A Korean family kept the kitchen of a Vietnamese restaurant in Westgate. Then we kept cooking, the only way we know how. 13 years and 100,000 bowls later, we're still refining it.
In 2013, a Vietnamese restaurant opened at Westgate. Soon after, the original owner left. A Korean family kept the kitchen, and kept making Vietnamese food the way Korean hands make it.
There was no menu strategy. No "concept." Just a pho broth that needed to be made every morning, and the instincts of cooks who grew up with gochujang, doenjang, and the patience to layer flavour properly.

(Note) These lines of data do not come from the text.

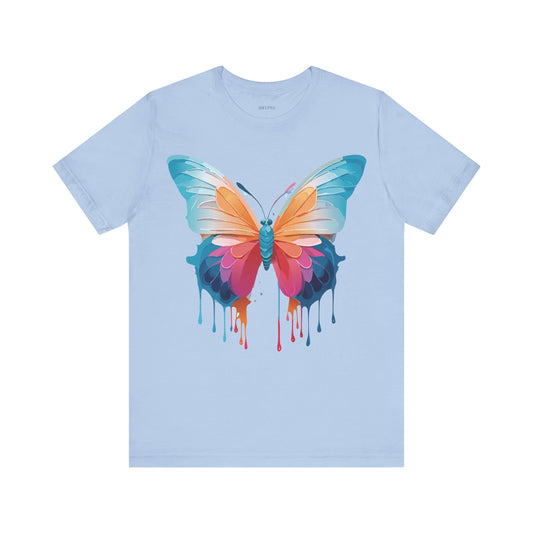 Natural Cotton Tee Shirt with Butterfly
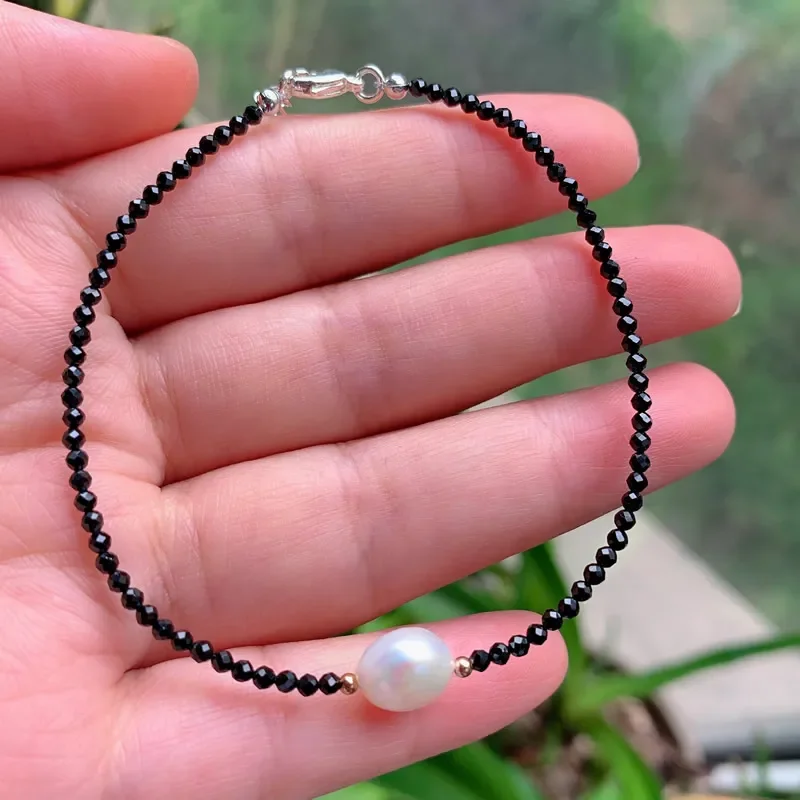 2mm Small Faceted Shining Black Obsidian Stone Bracelet White Baroque Pearl Charm Reiki Healing Jewelry Bracelets for Women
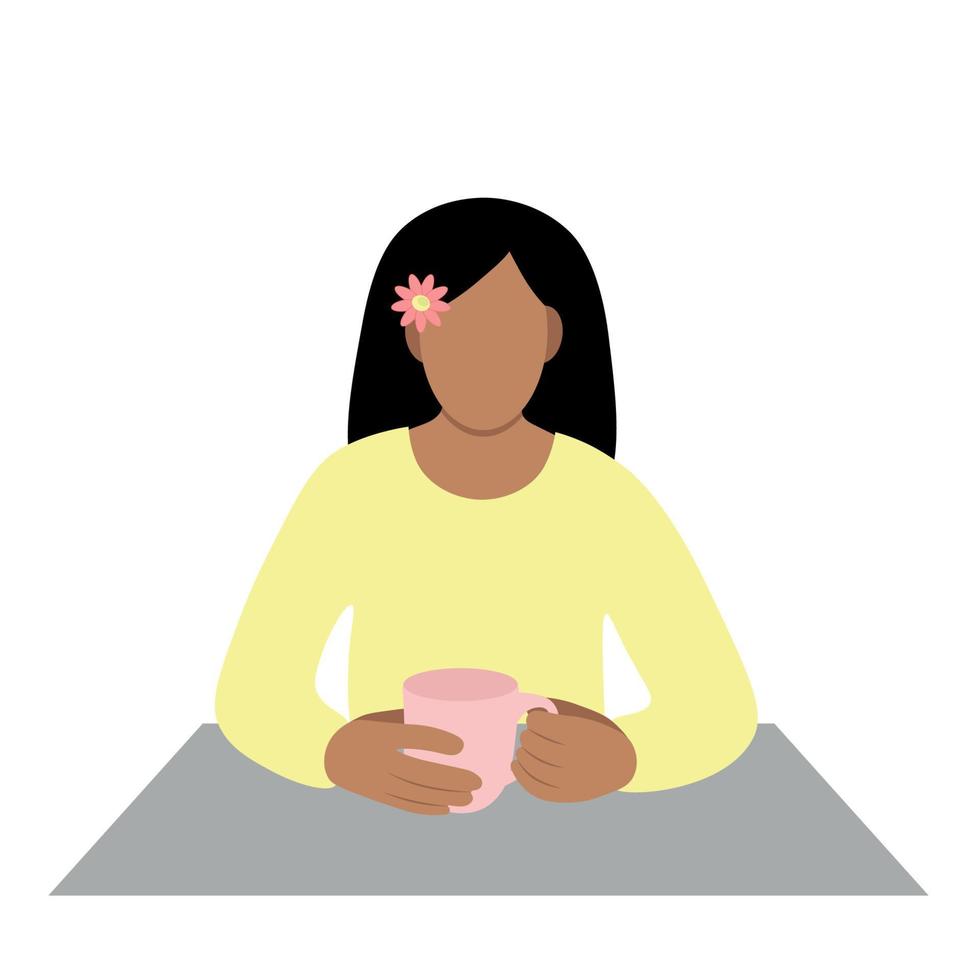 retrato de uma menina indiana com um copo nas mãos à mesa, vetor plano, isolar em branco, ilustração sem rosto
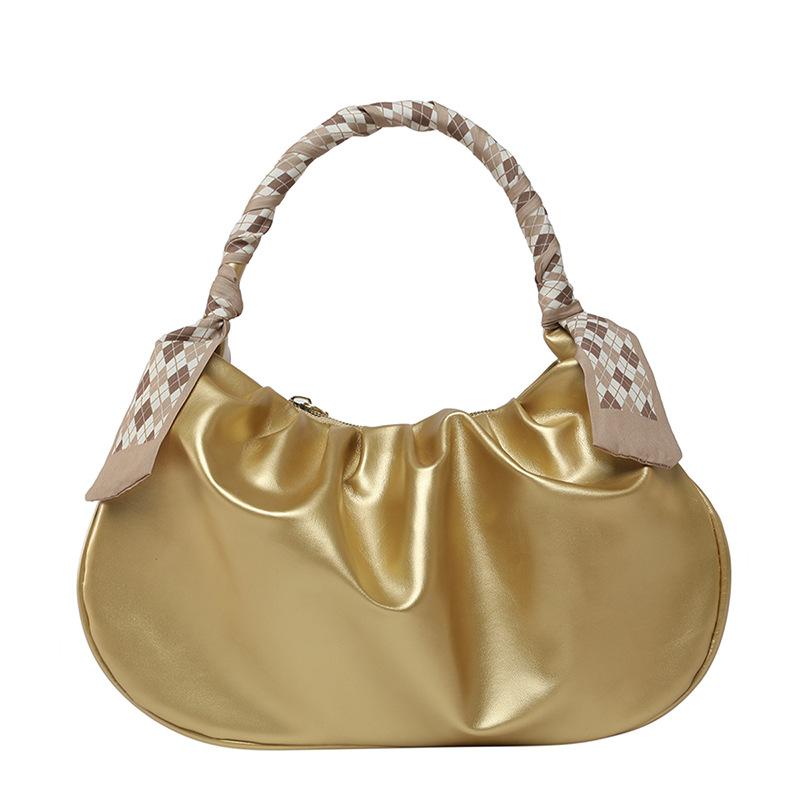 2025 лето нишевая новинка однотонная простая женская сумка подмышку милая сумочка сумка-облако с драпировкой женская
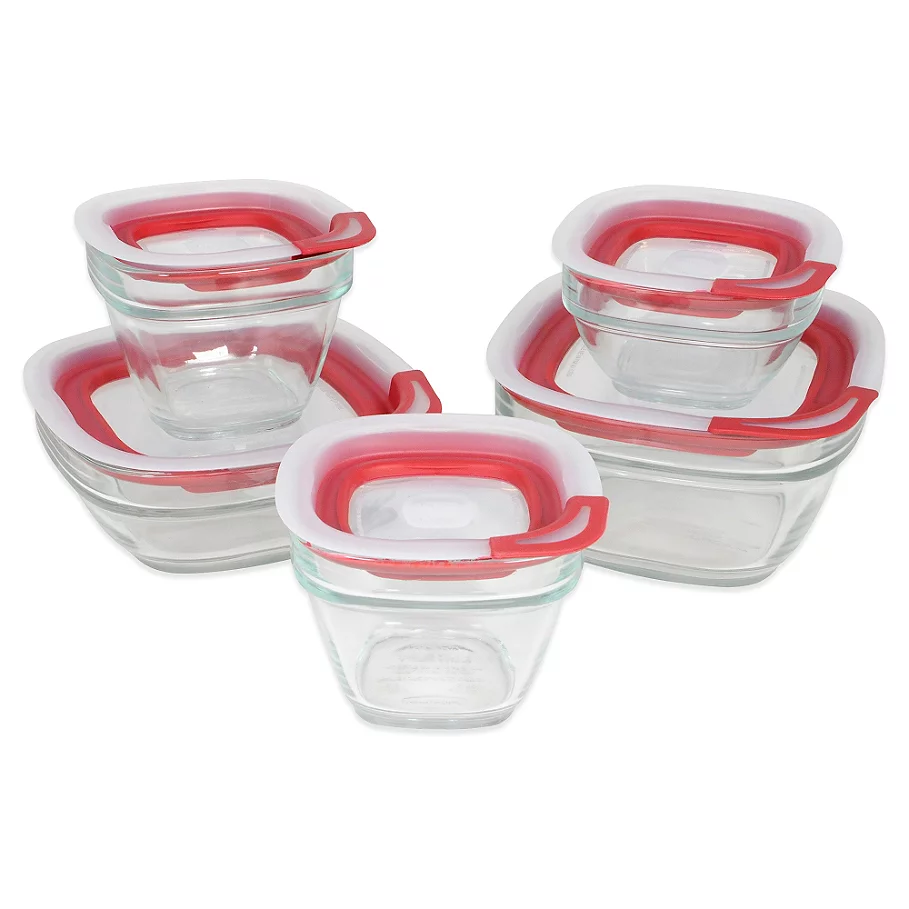Rubbermaid 10-Piece Glass Food Storage Container Set with Easy-Find Lid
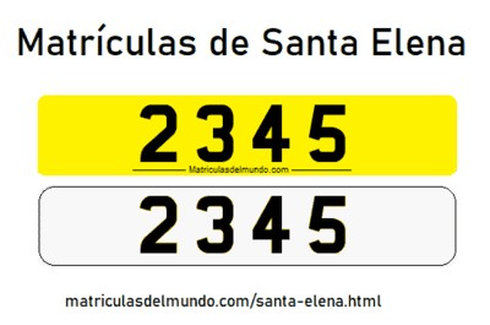 Matrícula de coche de Santa Elena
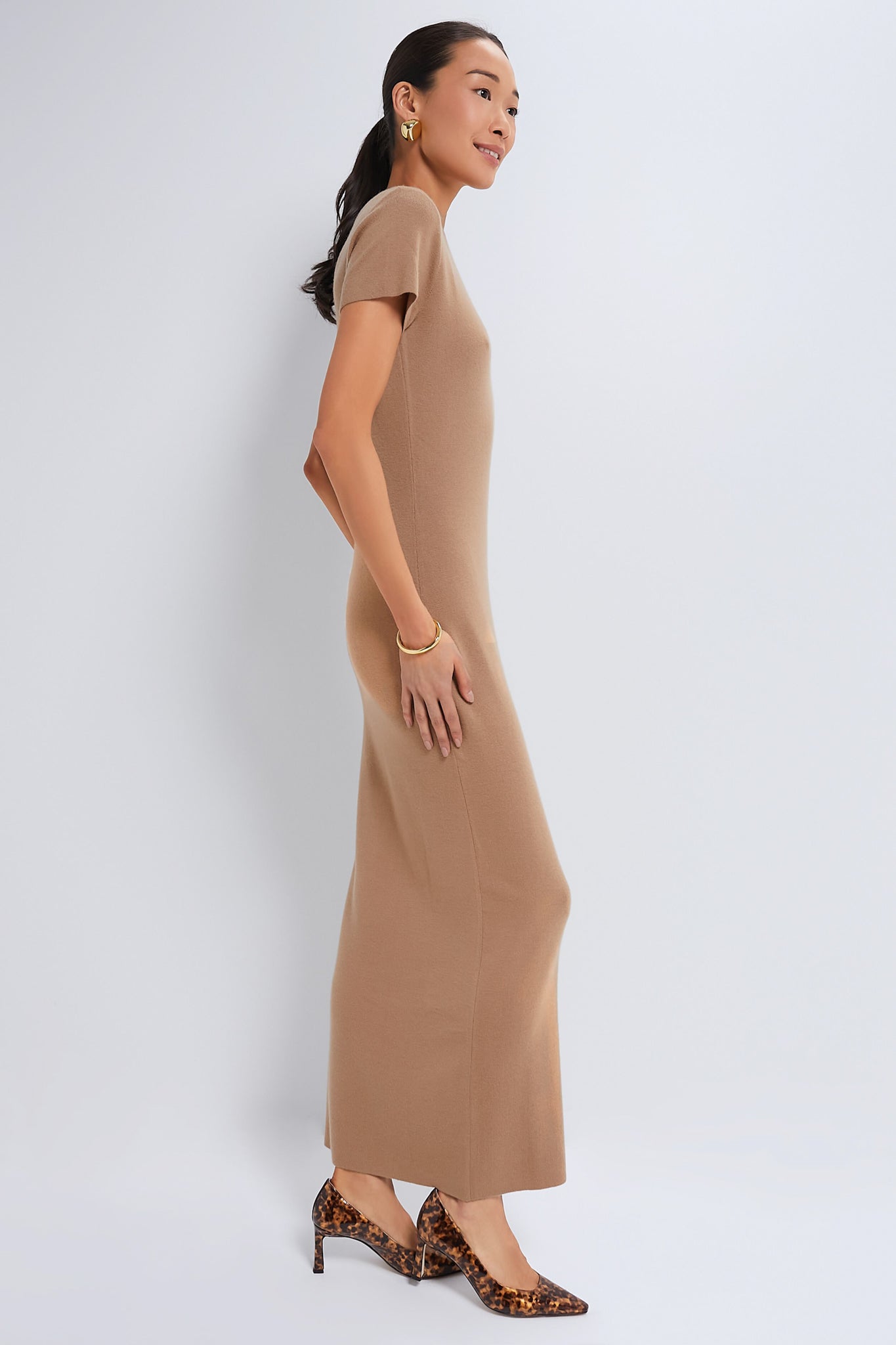 Tan Cashmere T-Shirt Maxi Dress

Vietnamese cinnamon went into the broth. Korean black pepper went in with it. The quiet fusion, before any chili was ever wok-fired.
Within a year, what people were ordering wasn't quite pho, and wasn't quite Korean. The regulars started bringing friends. We called it fusion because there isn't a better word.
13 years later, we're still here. Same family. Same recipes. Same pots, mostly. Most days we don't think of it as fusion. We just think of it as lunch.

The broth still gets made every morning. The wontons still get folded to order. The herbs still come from the supplier we've used for a decade.
What's changed: Alphonse, who grew up at the wok and the pho pot, runs it now. The menu has grown. Online orders go through Mobi2Go. What hasn't changed: the same recipes, cooked by the same family, by people who still care whether you liked it.
We don't combine cuisines for novelty. We combine them because the chemistry asks for it. Here's what that looks like on a Tuesday lunch shift.
Bone broth, built every morning. Cinnamon, charred onion, fish sauce, black pepper. The Vietnamese foundation, with the one Korean addition that's been in the pot since 2013.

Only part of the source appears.